In this video from Motley Fool Live recorded on Jan. 28, Industry Focus host Nick Sciple and Motley Fool contributor Lou Whiteman went through the pros and cons of investing in agriculture.
Nick Sciple: When we look at this agricultural sector, before we get into some of these companies, can you talk about the pros and cons of investing in the sector? What are the opportunities there and then what are some risks involved?
Lou Whiteman: The opportunities, when things go right, this is a very income-rich industry. This is a good industry to hold if you are in the portion of your investing life where you are looking for dividends, you're looking for steady income. But there are risks you need to look into. This is a hugely cyclical industry and it doesn't really follow the economic cycle, so it can catch you off guard. Again, from the USDA, net farm income was $134 billion in 2013. Four years later, that had dropped $80 billion. That's a 40% drop in four years. That's the second one of these cycles we have seen so far this century. A lot of things go into this. The weather in the U.S., the weather overseas where we're competing against. Crop yields can lead to supply and demand getting out of whack. That means less money coming in. That means less money for farmers to invest in technology, chemicals, all of that. It ripples through for years and we do see, maybe not the Grapes of Wrath sort of thing, but we do see these boom and bust cycles. It is something to worry about, because you're not going to see a steady stream year after year on this. There's just too many macro factors that weigh into it.

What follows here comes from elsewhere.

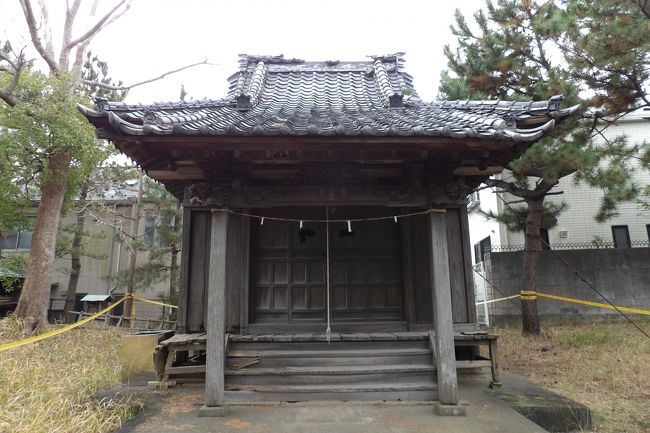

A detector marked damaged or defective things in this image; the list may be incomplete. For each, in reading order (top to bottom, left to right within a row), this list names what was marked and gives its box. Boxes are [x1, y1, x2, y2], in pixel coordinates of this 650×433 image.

Sciple: Right, an act of God literally, I think, can impact the whole area. Sometimes there can be something that's correlated, and you mentioned the Dust Belt. I don't know if we're going to have something like that again in the future, but there can be things that are correlated across the whole asset that could impact things. I think one other thing to point out is just regulatory risks. One example folks think about is Monsanto [now part of Bayer]. When you throw out Monsanto now, Monsanto is the worst company ever. At one point in time, Roundup was a revolutionary chemical, and was really the game changer when it came to herbicide, that sort of thing, getting weeds out of farmland. But now, it's this huge liability, it's albatross around the company. Some of these long-lasting liabilities can impact some companies in this space.